On the other hand, teachers use project reports in class as a way of summarizing the progress of a student. They give feedback afterward indicating their satisfaction on the pr4ogress of the student or not. As such, the student has to write this project report since they present a chance to express key sentences of the final report and even pose questions to the person being addressed. The guidelines for writing project reports in school are more flexible that when one is doing them on a job. As such, students should use this opportunity to practice how to write these project reports.
Project reports are very crucial part of the project management, whether you are writing it as a dissertation or a project at work. It is an essential paper to keep your colleague, supervisors, or your clients up-to-date with the progress of the project you are undertaking. The report will focus on what you are working on and what you intend to accomplish.
The process of how to write a progress report
Ensure that you understand the purpose of your proposal
There are different reasons that drive your instructor to request your project report, and one of the major reasons is to check your progress on the project. As such, there are different project proposals that you are required to know.
- Progress report
This is a report on a research project that is different from a progress report on a project at work. It requires you to cite more information, and you are not going to consider things like cost as such.

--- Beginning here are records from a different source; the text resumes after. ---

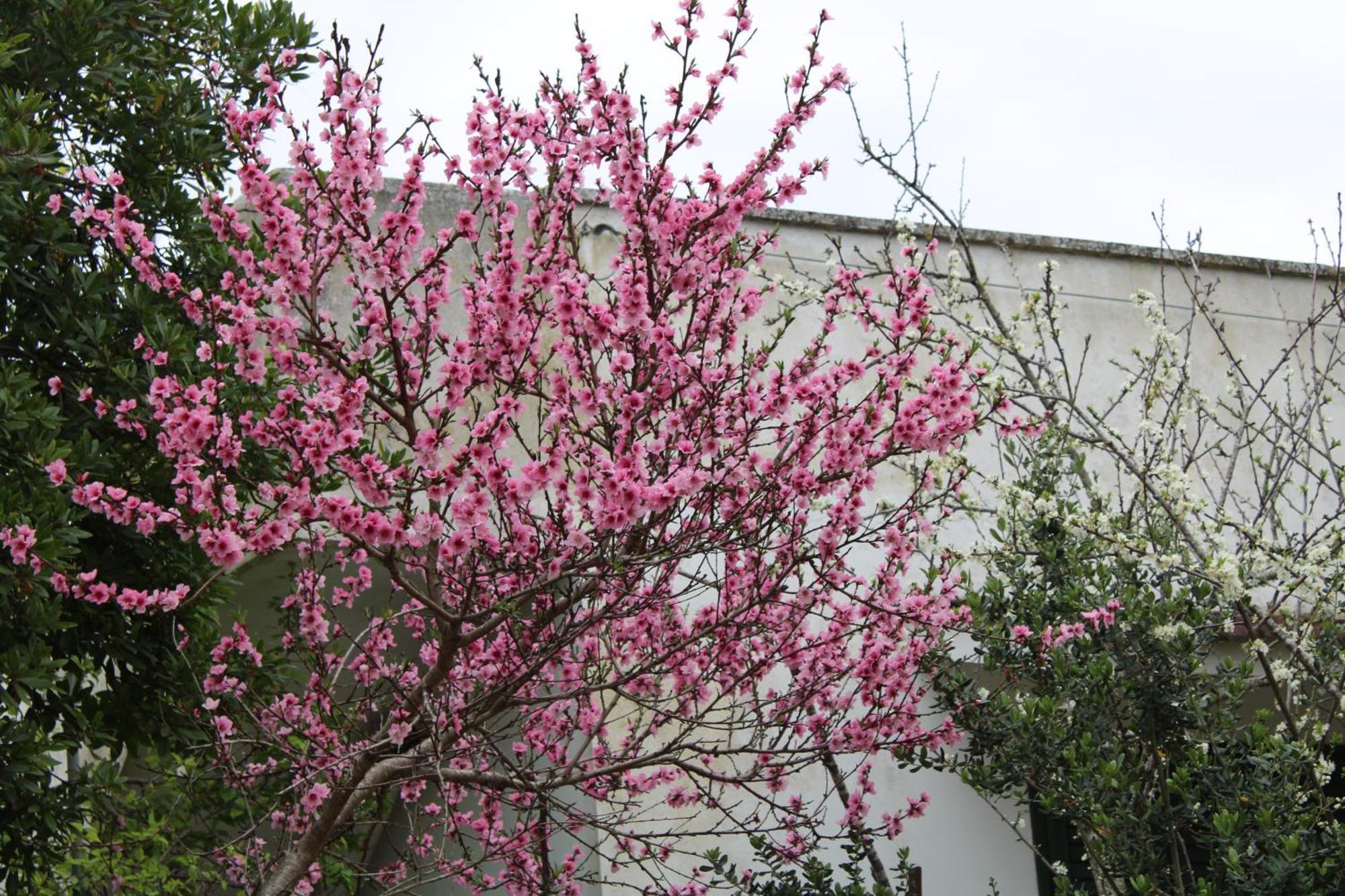 Agriturismo Lu Podere Alimini Dış mekan fotoğraf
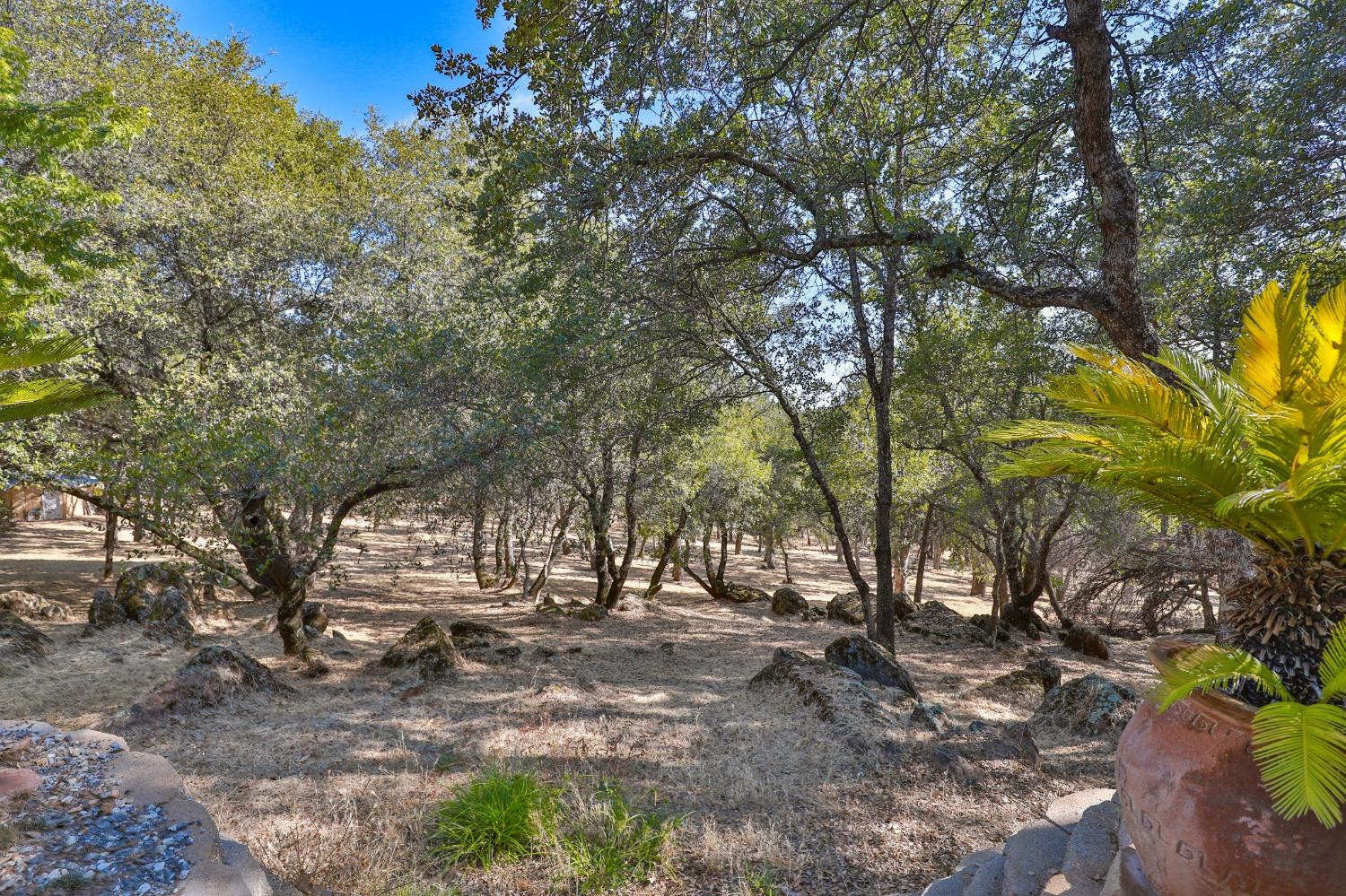 Detail Gallery Image 43 of 83 For 6091 Dutch Mine Rd, Diamond Springs,  CA 95619 - 4 Beds | 3 Baths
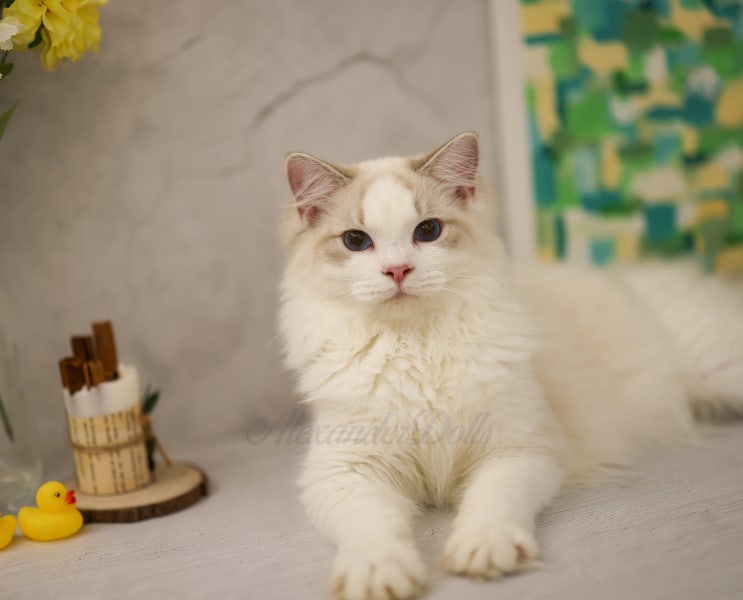  랙돌캐터리 분양 자묘, 사랑둥이 링스 랙돌 남아의 가족을 찾아요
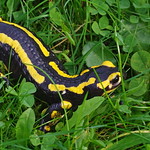 Salamandre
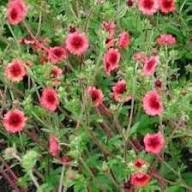 Semillas de Flores de Cincoenrama Rosa – Herencia, Sin OGM, Semillas Orgánicas de Alta Germinación para Siembra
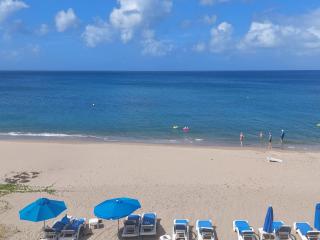 The Hamilton Beach Villas & Spa - Nevis - 4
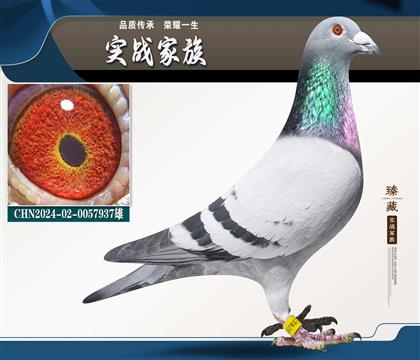 ��ɽ������� �������� ������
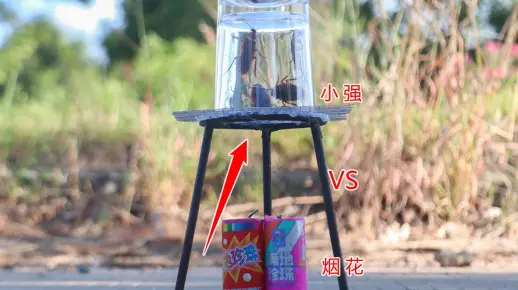 实验：用“满地珍珠烟花”喷射“小强”，会有什么样的反应呢？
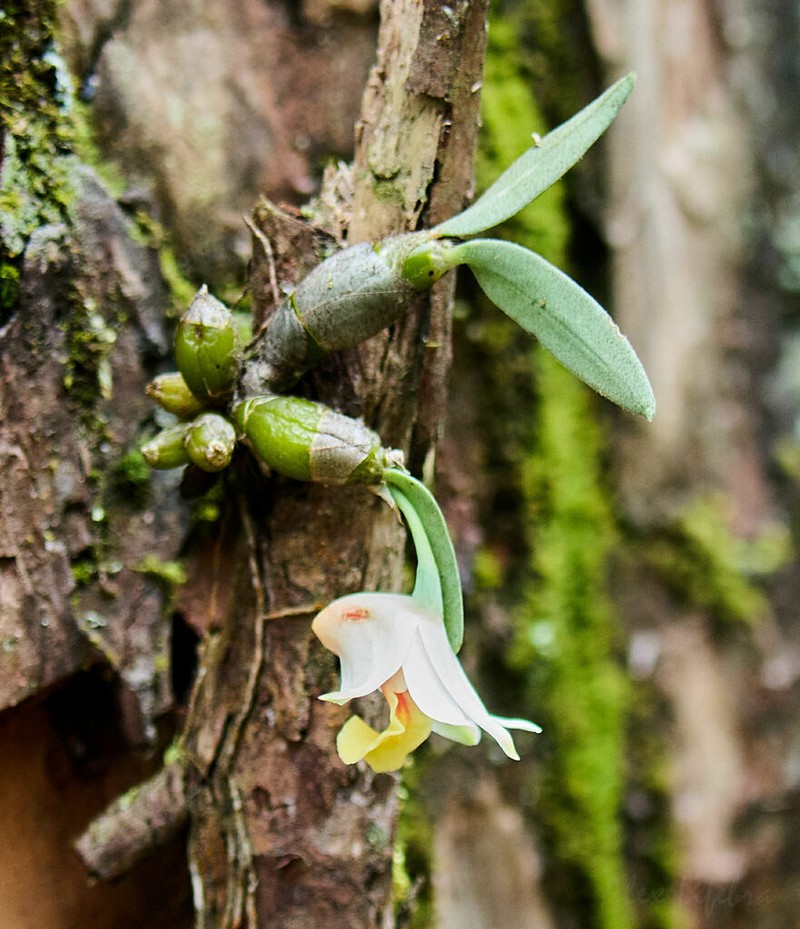 Dendrobium bellatulum photo 3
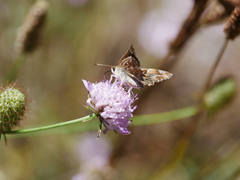 Carcharodus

- On the other hand, a work report for a client reads a little but, differently than for a superior at work. You have to consider the reason why you are writing this report.
Think about your audience
Once you have understood the purpose of your report, you have to think about the kind of information that your audience needs to know. Progress reports have general things that they incorporate, but you have to consider the specifics.
- Find the connection between your readers and the project, how the outcome of the project will affect them. Now, the effects of the project on your audience are not going to be the same on your superior, and you have to consider that.
- Think about the decision that the audience is likely to make after they read your report. Are they going to offer support, or invest in money and time?
- For effective participation of your audience in the project, consider the information that they need to know. It can be about the technical aspects, but you have to find out if they are familiar with the technical jargon.
Choose the best way to communicate with your audience progress report can take any form depending on the need at hand. It goes beyond merely writing and submission to your superior or professor. It can take any of these forms:
- It can be a brief oral report at weekly or monthly staff meetings
- It can take the form of periodic emails to colleagues
- It can also be formal or informal memos to supervisors
- It can be a formal report to a client or government agencies.
Consult your supervisor
You have to keep in touch with your supervisor before and during the writing process of the progress report to get as much guidance as possible. Your company may prefer a specific format in which case you have to be sure that it is followed accordingly.
Consider the tone you use in your progress report
Not every progress report is formal. For instance, some of the progress reports for colleagues and supervisors take a more informal tone. It is one of the reasons for consulting your supervisor to know exactly what they are looking for. If it is a thesis review, a report to a client or government agency, it has to be formal. Irrespective of the tone that you have used, your progress report must be clear, honest and focused.
Writing the progress report
The following steps are essential when you are writing your progress report
Decide on the presentation of your progress report
By the time you are putting pen to paper, you already know the tone that you will use as well as the point you want to make in the report. Now you have to decide on the best way to communicate your point to your audience.
- Bulleted list
It is very clear and easy to skim and till drive your point home. However, it is not a formal way of writing your progress report and it world best for memos to supervisors and emails to colleagues.
- Adding graphs or tables
This can apply best if you are writing a project report that aims at getting funds, or you are merely showing why you deserve the funding that you have been given.
You can use subsections
If you want your progress report to be successful, it has to employ clarity from the onset. You can divide it into subsections as a way of grouping relevant material together. It can become even clearer if you add headings and subheadings to enable your audience to know what comes in each section and subsection. If there is some information they are interested in, they will be able to locate it easily.
Write down your heading
This goes across the top of the paper depending on the format that you have used as well as the preference of the university or the organization to which you are addressing. As such, you have to check with them to ensure you do not miss on any of their requirements.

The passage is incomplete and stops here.